§ **REQUIREMENT**: Set down, character for character, everything in the records below from the line holding "Pferde Vlog 🐴" down to the line holding "[upl. by Aicssej]", and no other line.

[AVAILABLE DATA Boundary: Start]

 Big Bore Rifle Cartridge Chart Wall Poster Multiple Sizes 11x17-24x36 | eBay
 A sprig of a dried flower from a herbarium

[AVAILABLE DATA Boundary: End]
[AVAILABLE DATA Boundary: Start]

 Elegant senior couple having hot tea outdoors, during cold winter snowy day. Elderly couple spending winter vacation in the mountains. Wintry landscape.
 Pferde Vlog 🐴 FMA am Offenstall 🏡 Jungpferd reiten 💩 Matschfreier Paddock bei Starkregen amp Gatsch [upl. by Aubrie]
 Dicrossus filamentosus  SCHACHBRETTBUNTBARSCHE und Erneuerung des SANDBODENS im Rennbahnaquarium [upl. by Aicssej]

[AVAILABLE DATA Boundary: End]
[AVAILABLE DATA Boundary: Start]

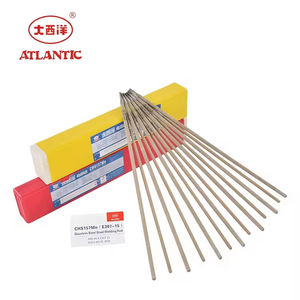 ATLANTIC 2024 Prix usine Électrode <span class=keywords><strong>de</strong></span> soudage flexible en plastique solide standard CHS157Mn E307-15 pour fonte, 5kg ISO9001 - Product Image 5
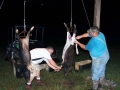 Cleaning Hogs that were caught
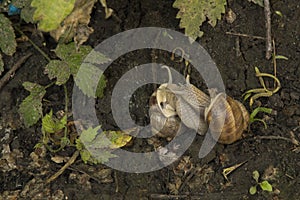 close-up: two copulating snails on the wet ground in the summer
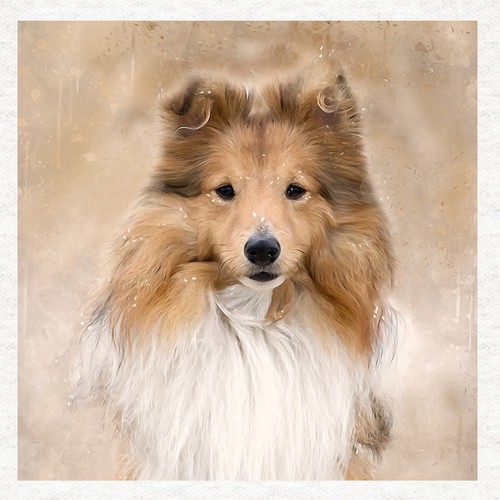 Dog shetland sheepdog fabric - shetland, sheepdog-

[AVAILABLE DATA Boundary: End]

§ **OUTPUT FOR THIS EXERCISE**:
 Pferde Vlog 🐴 FMA am Offenstall 🏡 Jungpferd reiten 💩 Matschfreier Paddock bei Starkregen amp Gatsch [upl. by Aubrie]
 Dicrossus filamentosus  SCHACHBRETTBUNTBARSCHE und Erneuerung des SANDBODENS im Rennbahnaquarium [upl. by Aicssej]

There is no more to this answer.